For many people, it’s a daunting enough to consider finding a new job once you reach a certain age. Most people have families to support and other major financial responsibilities which make it seem impossible to consider a big career change. However, in my experience as a career coach, I have worked with several people who have made tremendous career changes after the age of 50.
What motivates people? In many cases, people realize that they feel they are missing the opportunity to contribute to something bigger than themselves – to have a career with more meaning. Here are some of the ways people have successfully made changes:
- A government employee who had reached a high level of management had an awakening after her long-term spouse passed away. She began to question whether her job was really contributing tangibly to the greater good. Following her passion and commitment to her faith, she sold her house, quit her job, and moved to a country in eastern Africa, where she worked building schools, distributing food and nutrition aid, and helping establish health programs. She went from handling $1 billion budgets to raising small donations which would have an even bigger, visible impact. She could see directly how she was saving the lives of children every single day. When she returns to the USA, her new skills, combined with her prior career, would make her a strong candidate for a position in international development or nonprofit management.
- A graphic artist who had a strong background in print media found himself laid off when his knowledge area and expertise were not in high demand due to industry changes. After beginning a new blog, revamping his resume to focus on the digital media aspects of his prior positions, and emphasizing his transferable skills in media, he was able to find a different position in communications with less of a focus on print media, all in the nonprofit sector.
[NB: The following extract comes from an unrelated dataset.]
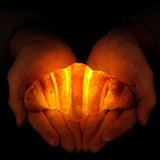 Pampshade Croissant Bread Lamp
- An aerospace engineer who had reached a high level of management in his company, also decided to retire early, and focus his efforts on global issues. After a radical transformation of his resume – taking out all of the aerospace and engineering related jargon – he took on several volunteer opportunities, went back to graduate school to get a degree in public administration, and leveraged his established network to find an opportunity in a nonprofit organization building schools for girls in Afghanistan.
- The founder of a food company decided to redirect his efforts to nutrition and used his business background and education to become a faculty member at a business school teaching about corporate social responsibility.
What did these career-changers all have in common? They focused on their transferable skills; they filled gaps in their experience with volunteer work and education; in many cases, they planned their jump into a new field years in advance and took calculated risks. It should be acknowledged that it is easier to take the leap when someone is in a place where they have fewer responsibilities and more money saved, but even in cases where people made changes due to necessity and not of their own choice, it has been possible for people to rebound from setbacks by networking, building new skills, and learning the language of a new employer rather than focusing on the past. With a positive focus and determination, radical changes can and do take place for people at all points of life.